HOW TO COMPLETE THIS TASK: A faithful copy of the data below is required, leaving out every picture.

DATA SECTION:
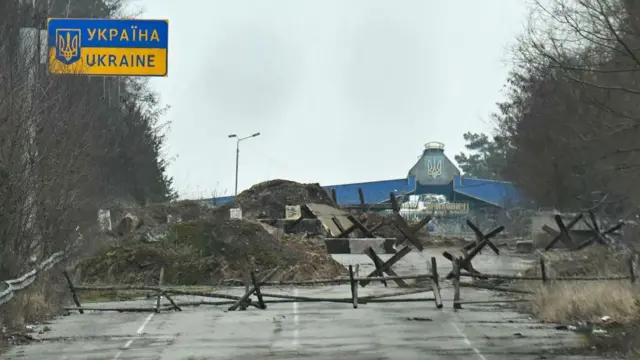 «Оккупированный Донецк не нужен никому». Как молодежь ждет совершеннолетия, чтобы уехать из оккупации в «свободную Украину» 4 Военные укрепления на границе между Беларусью и Украиной 28 января 2025 года.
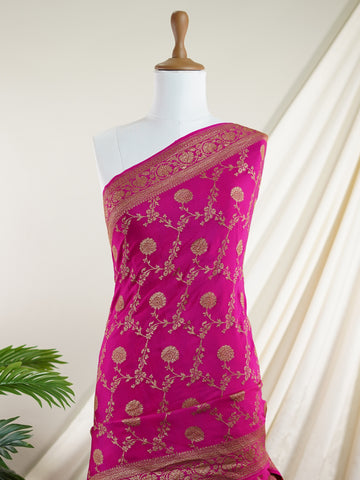 Crepe Woven in the heritage looms of Varanasi, this 100% pure crepe saree comes alive in pink with an all-over gold jaal. The intricate pattern glows softly on the fluid drape, offering a rich yet graceful silhouette. A perfect pick for festive gatherings and timeless celebrations.
#VaranasiCrepe #GoldJaalSaree #PinkElegance #HandloomHeritage #FestiveDrapes Chandrakauns - Manoranjitham Weaves - Handloom Store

EXERCISE ANSWER:
 «Оккупированный Донецк не нужен никому». Как молодежь ждет совершеннолетия, чтобы уехать из оккупации в «свободную Украину» 4 Военные укрепления на границе между Беларусью и Украиной 28 января 2025 года.
 Crepe Woven in the heritage looms of Varanasi, this 100% pure crepe saree comes alive in pink with an all-over gold jaal. The intricate pattern glows softly on the fluid drape, offering a rich yet graceful silhouette. A perfect pick for festive gatherings and timeless celebrations.
#VaranasiCrepe #GoldJaalSaree #PinkElegance #HandloomHeritage #FestiveDrapes Chandrakauns - Manoranjitham Weaves - Handloom Store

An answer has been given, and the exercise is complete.